____ The data

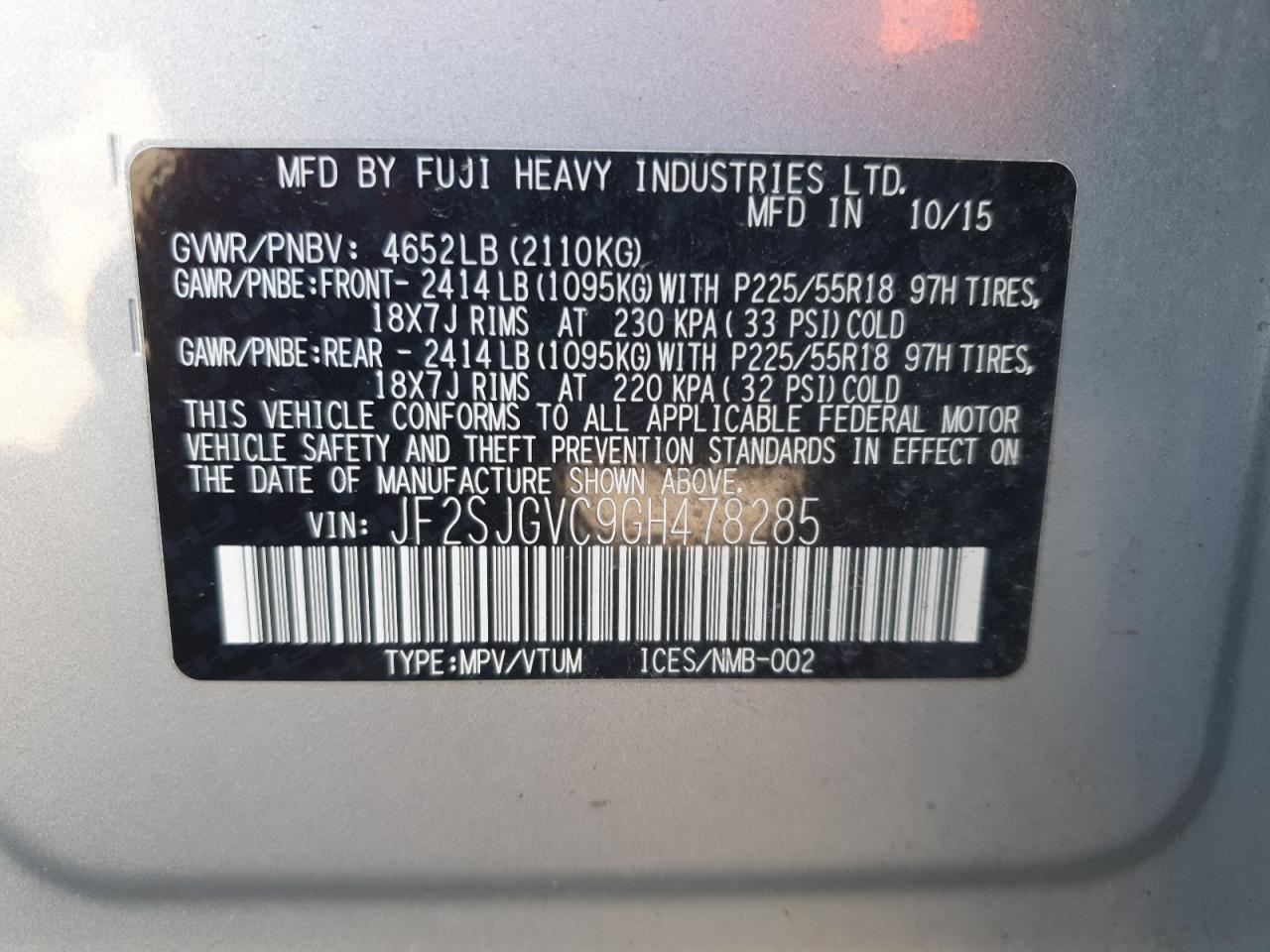 2016 Subaru Forester 2.0Xt Touring VIN: JF2SJGVC9GH478285 Lot: 84028825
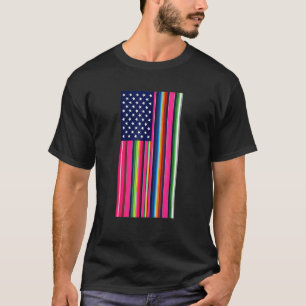 Camiseta Bandera Americana Mexicana Usa Serape Cinco De May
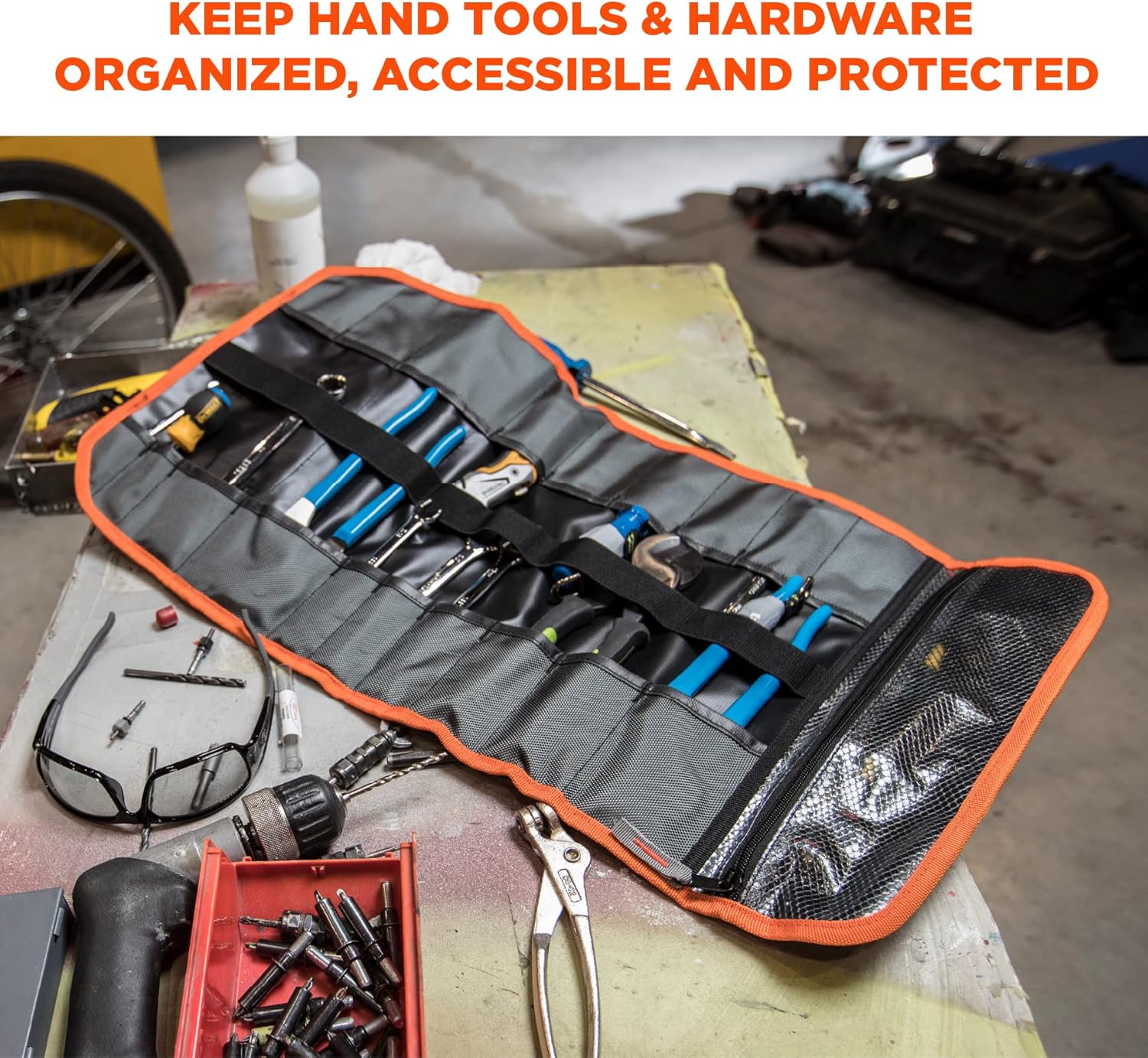 Ergodyne Arsenal 5871 Tool Roll-Up Pouch, 21-Pockets, Polyester, Black , Tall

________

• [Directions]:
Transcribe the listing exactly; omit all images.

• [Your response]:
 2016 Subaru Forester 2.0Xt Touring VIN: JF2SJGVC9GH478285 Lot: 84028825
 Camiseta Bandera Americana Mexicana Usa Serape Cinco De May
 Ergodyne Arsenal 5871 Tool Roll-Up Pouch, 21-Pockets, Polyester, Black , Tall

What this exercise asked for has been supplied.